Économie

Par Paul Molga, le 16 août 2024

Journaliste

Comment Marsail défie le management avec ses voiles de compétition

Embarque à bord des cadres et dirigeants d’entreprises pour détecter les faiblesses de leur comportement collectif ©Marsail
[la rédac mouille le marcel]

Entre deux courses au large, Christopher Pratt est à la barre d’une entreprise de team building qui transmet aux managers son expérience de la navigation pour améliorer la cohésion de groupe et la prise de décision. Chez Marcelle, on croit dur comme fer au pouvoir mobilisateur des éléments et de la nature. On a testé une traversée dans la rade marseillaise où il opère. C’est en effet puissant…

Il y a peu de vent ce jour-là dans la rade de Marseille. Toutes voiles dehors, le Wind of Trust frôle tout de même les 30 nœuds. À tour de rôle, l’équipage hétéroclite de managers prend la barre avec un sentiment mêlé de fébrilité et de fierté. La bête affiche des mensurations de compétiteurs : 15,24 mètres de long pour autant de large, près de 250 mètres carrés de voiles au portant.

“Une expérience puissante”

Comment Marsail défie le management avec ses voiles de compétition
“Trraverser la tempête, garder le cap et veiller au grain font partie des métaphores communes” ©DR

Passées les premières secondes d’appréhension, on se laisse porter par des sensations inédites. Le trimaran se laisse dompter sans difficulté. La barre est souple. Elle se règle au centimètre pour trouver le vent.

Un coup d’œil sur les penons pour contrôler l’écoulement de l’air sur la voile, un autre sur le speedomètre. La coque décolle, portée par les foils. On glisse. On épouse les éléments en quête de la trajectoire parfaite. Le calcul fait place à l’instinct. On ressent chaque baisse de régime. On réajuste. Le plaisir est intime. La satisfaction totale quand la machine accélère. On vole en trouvant le geste parfait.

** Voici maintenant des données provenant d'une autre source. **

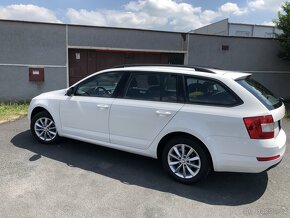 ŠKODA OCTAVIA COMBI 1,6 TDI - 3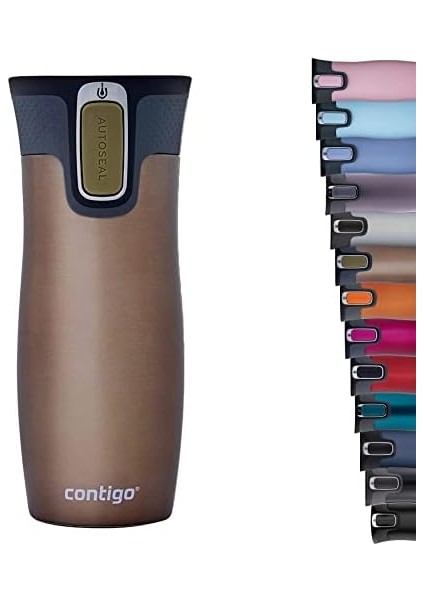 Westloop Autoseal Termos 470 ml fiyatları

« C’est une expérience puissante. On voit tout de suite le résultat de nos prises de décision », témoigne Estelle Castets, ingénieure pédagogique chez Kedge Business School. « On se retrouve dans un environnement naturel qui n’a rien à voir avec nos habitudes professionnelles, amené à prendre des décisions rapides dans un environnement contraint. Ça évolue vite, très vite, et les parallèles avec le monde de l’entreprise se font naturellement », rapporte un autre participant, Thomas Rigolet, responsable du développement chez Razel Bec.

Métaphores navales

Comment Marsail défie le management sur ses voiles de compétition 1
Christopher Pratt ©-©DR

C’est que le couple skipper / bateau fait merveille. L’Ocean Fifty Wind of Trust, mis à l’eau en 2009, s’est illustré sur tous les plans d’eau, en transat et grands prix, et a été régulièrement optimisé, par exemple pour la Route du Rhum, jusqu’à battre le record du tour de la Martinique à la voile en 2022 aux mains de Gille Lamiré. Christopher Pratt, 43 ans, en a pris la barre l’année suivante. « Chris est un des marins les plus talentueux de sa génération. Il est accrocheur, méthodique et rigoureux, avec une vision analytique de la course au large et des qualités de fin régatier », décrit de lui le skipper Jérémie Beyou. Le garçon n’a peur de rien, selon l’entraîneur Henri Giraud. Et surtout pas du monde l’entreprise où traverser la tempête, garder le cap et veiller au grain font partie des métaphores communes.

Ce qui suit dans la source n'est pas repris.